Metro Weekly

DC Theater Review: Signature’s sublime ‘Spunk’

"Spunk" magnificently winds its way through three Zora Neale Hurston short stories

Spunk — Photo: Christopher Mueller

The publication last year of Zora Neale Hurston’s Barracoon: The Story of the Last “Black Cargo” has helped stir a Zora pop culture revival that’s beautifully reflected in Signature Theatre’s sublime production of Spunk (★★★★).

The play, an anthology of three Hurston short stories, bears not just the Harlem Renaissance writer’s radical authorial touch, but also that of playwright George C. Wolfe (Shuffle Along, The Wild Party), an artist with a knack for synthesizing moving entertainment from disparate elements of African-American life.

In Spunk, Wolfe and composer Chic Street Man connect the three unrelated tales via Hurston’s rich prose and a strain of music — the blues — that courses through all the lives depicted from one story to the next. Sung and narrated by a knowing Blues Speak Woman (Iyona Blake) and humble Guitar Man (Jonathan Mosley-Perry), the songs and stories — “Sweat,” “Story in Harlem Slang,” and “The Gilded Six-Bits” — form a nuanced portrait of no-good brothers and long-suffering sisters, from the swingin’ streets of ’40s Harlem to the sultry backroads of Central Florida, circa 1926.

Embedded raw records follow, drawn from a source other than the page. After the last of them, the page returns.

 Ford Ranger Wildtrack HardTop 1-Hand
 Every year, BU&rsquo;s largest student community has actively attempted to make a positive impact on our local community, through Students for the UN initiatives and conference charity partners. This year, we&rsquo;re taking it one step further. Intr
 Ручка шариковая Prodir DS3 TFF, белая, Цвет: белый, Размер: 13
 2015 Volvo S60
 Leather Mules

Director Timothy Douglas and the cast who enact those stories take us there, with no fuss or frou-frou, inside Luciana Stecconi’s minimal slat-wood set, suggesting the walls of what could be a church or a juke joint. The characters get involved in business both holy and hell-raising, so the show definitely sets foot in both places.

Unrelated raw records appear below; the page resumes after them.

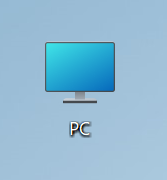 マイコンピューター（PC）アイコン
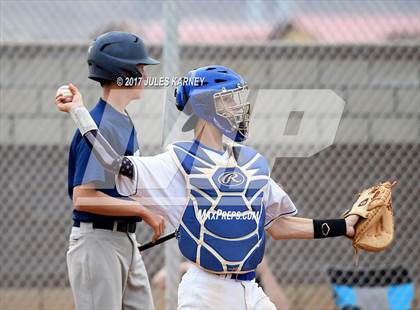 Thumbnail 2 in JV: Sierra Vista vs. Spring Valley photogallery.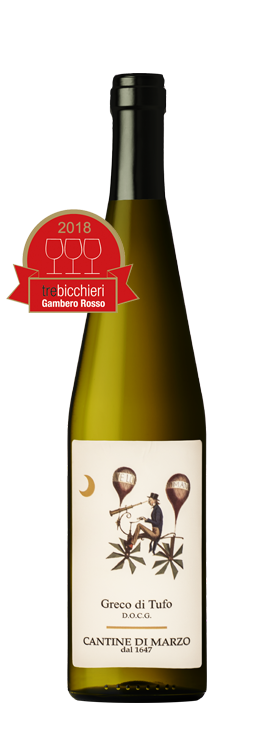 Greco di Tufo DOCG
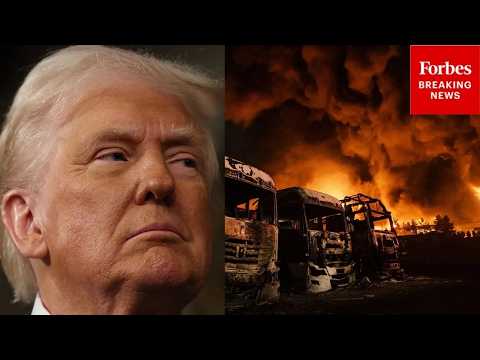 BREAKING NEWS: Trump Delays Iran Attack For Two Weeks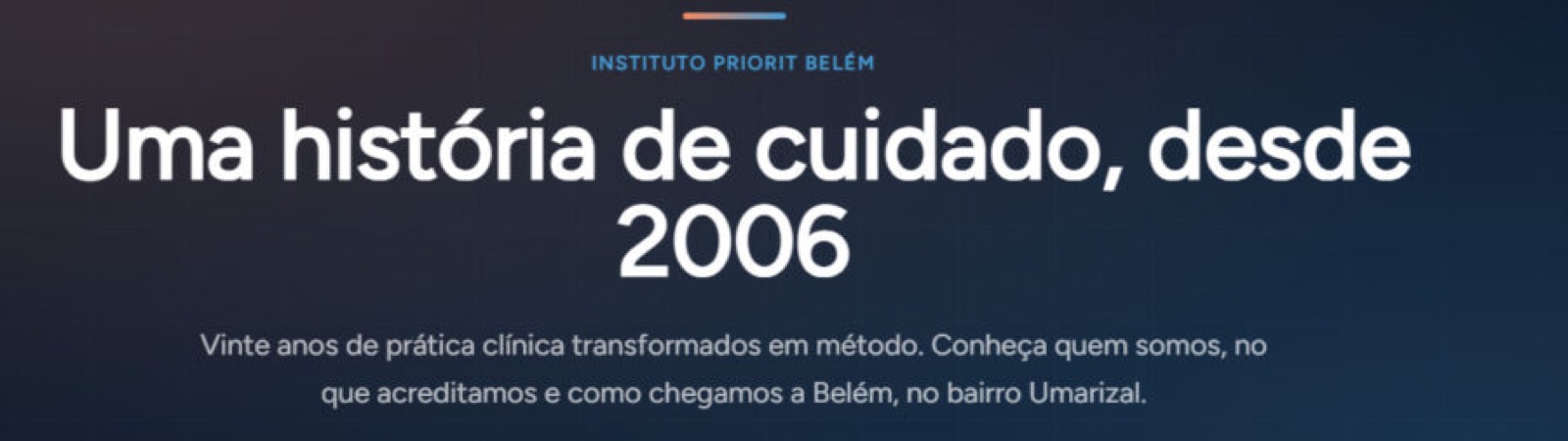 Instituto Priorit chega a Belém e marca entrada da rede na Região Norte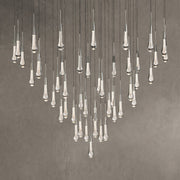 Soltaire Round Chandelier 17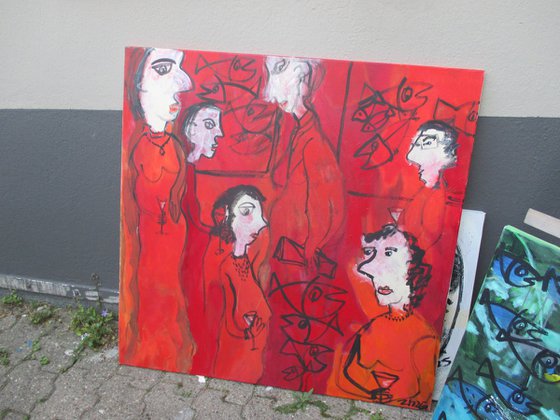 People in gallery 2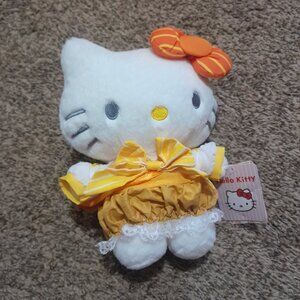 Hello kitty plush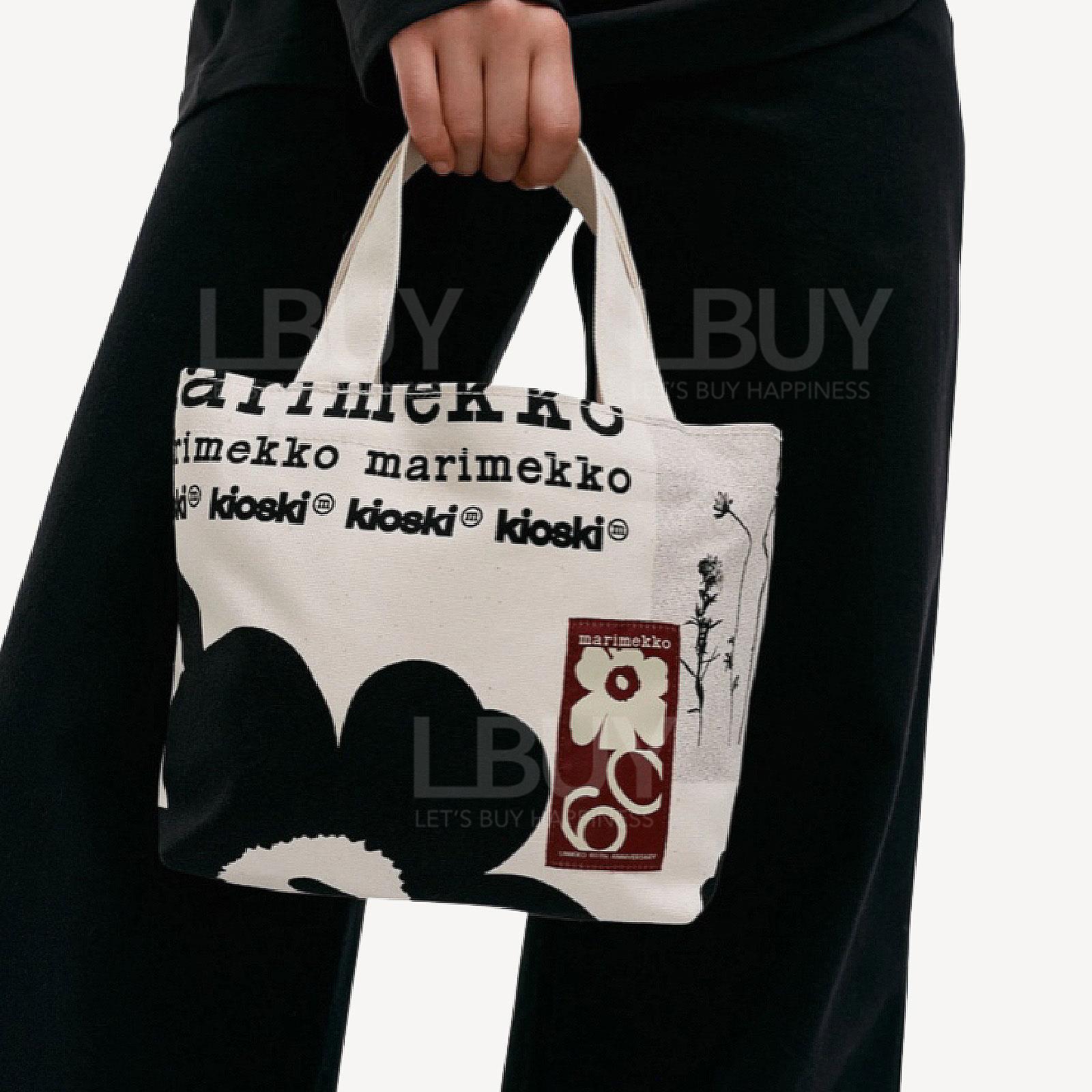 Marimekko 60周年限定Tote Bags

And the tight six-person ensemble sets just about every foot right in delivering the play’s moments of folksy humor, or knife-edge suspense. A standout in the sizzling sextet, Blake carries these Spunk-dified, pre-Civil Rights rhythm and blues in her wonderful voice and carriage, while KenYatta Rogers, in multiple roles, shifts smoothly from twanging villain to slanging swell with style.

Ines Nassara forgoes the Florida twang for her put-upon washerwoman Delia in “Sweat,” but she and Rogers still find something potent in that tale of female empowerment. Nassara and Drew Drake, in the third tale, “The Gilded Six-Bits,” conjure something equally powerful in their depiction of a deep love complicated by lust. And in “Story in Harlem Slang,” Drake, Rogers, and Marty Austin Lamar turn lust and trash talk into the play’s comic highlight, giving vivid life to the risk-takers and heartbreakers of Zora’s imagination.